=== WHAT IS REQUIRED ===
Print, word for word, the line containing "2023 Nissan Rogue Platinum photo 11" and all lines beneath it to the end of the entries below. Pictures do not belong in the copy.
RECORDS SUPPLIED START
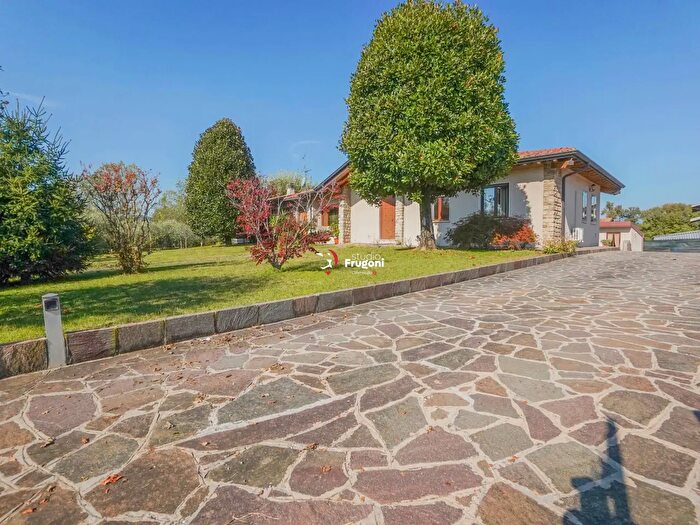 Casa trilocale in vendita in Via dei Colli, Manerba Del Garda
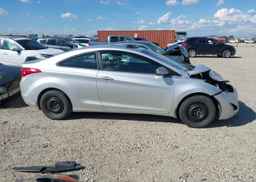 2013 HYUNDAI elantra se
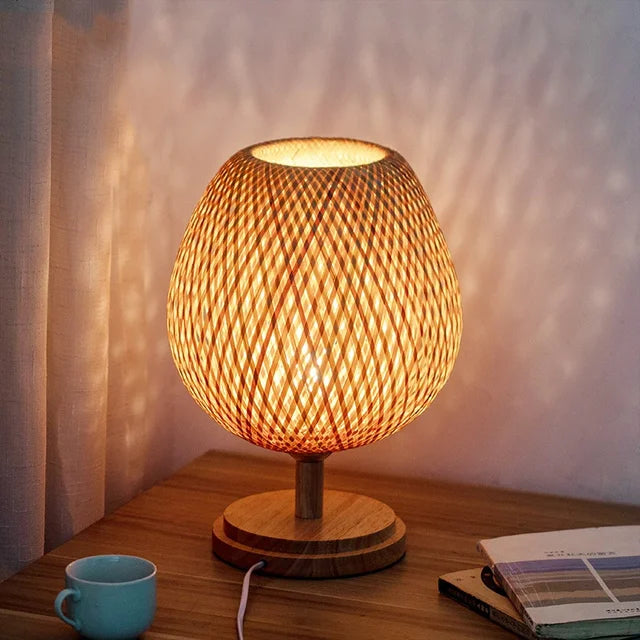 Vintage Bamboe Tafellamp – Duurzame Natuurlijke Verlichting met Tijdloze Charme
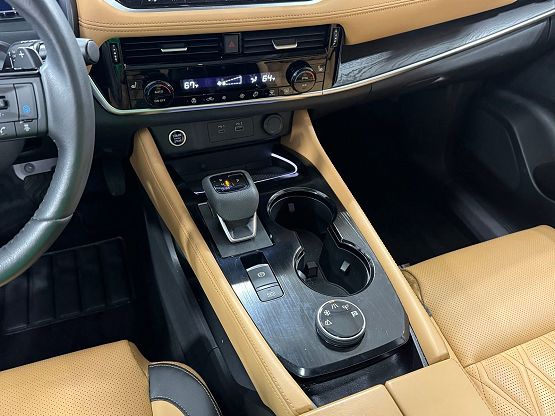 2023 Nissan Rogue Platinum photo 11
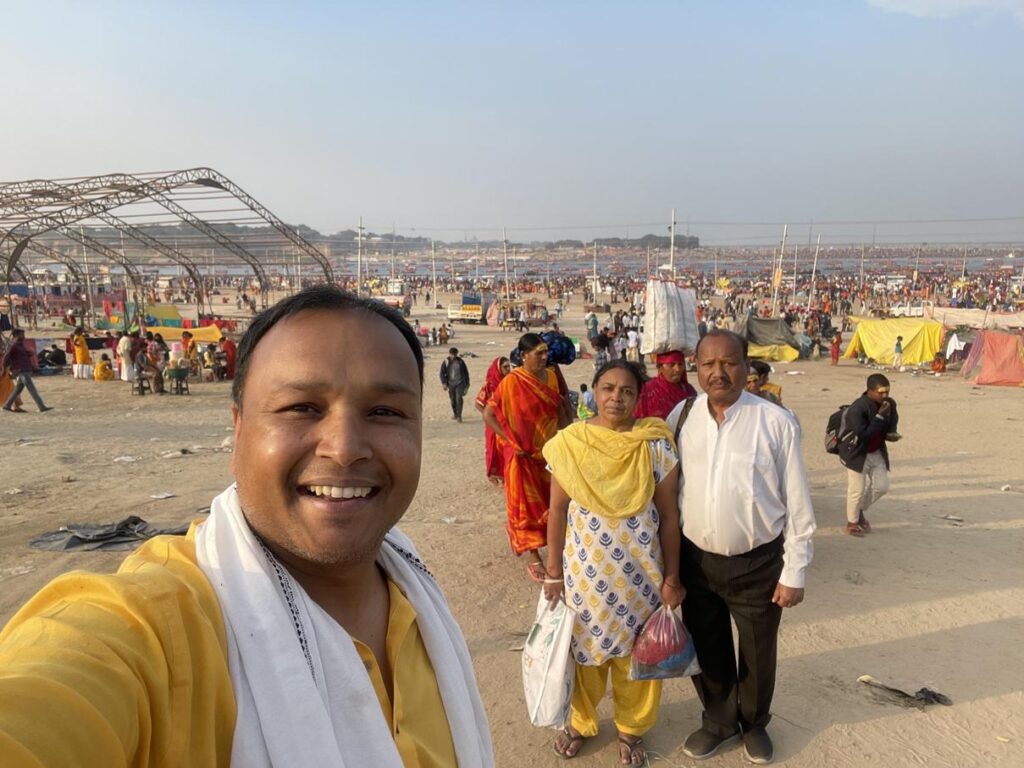 AskDushyant selfie of kumbh mela from arail sangam ghat IMG year 2025 mahakumbh yatra from kareli madhyapradesh to prayagraj uttarpradesh memoir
RECORDS SUPPLIED END
=== RESPONSE BELOW ===
 2023 Nissan Rogue Platinum photo 11
 AskDushyant selfie of kumbh mela from arail sangam ghat IMG year 2025 mahakumbh yatra from kareli madhyapradesh to prayagraj uttarpradesh memoir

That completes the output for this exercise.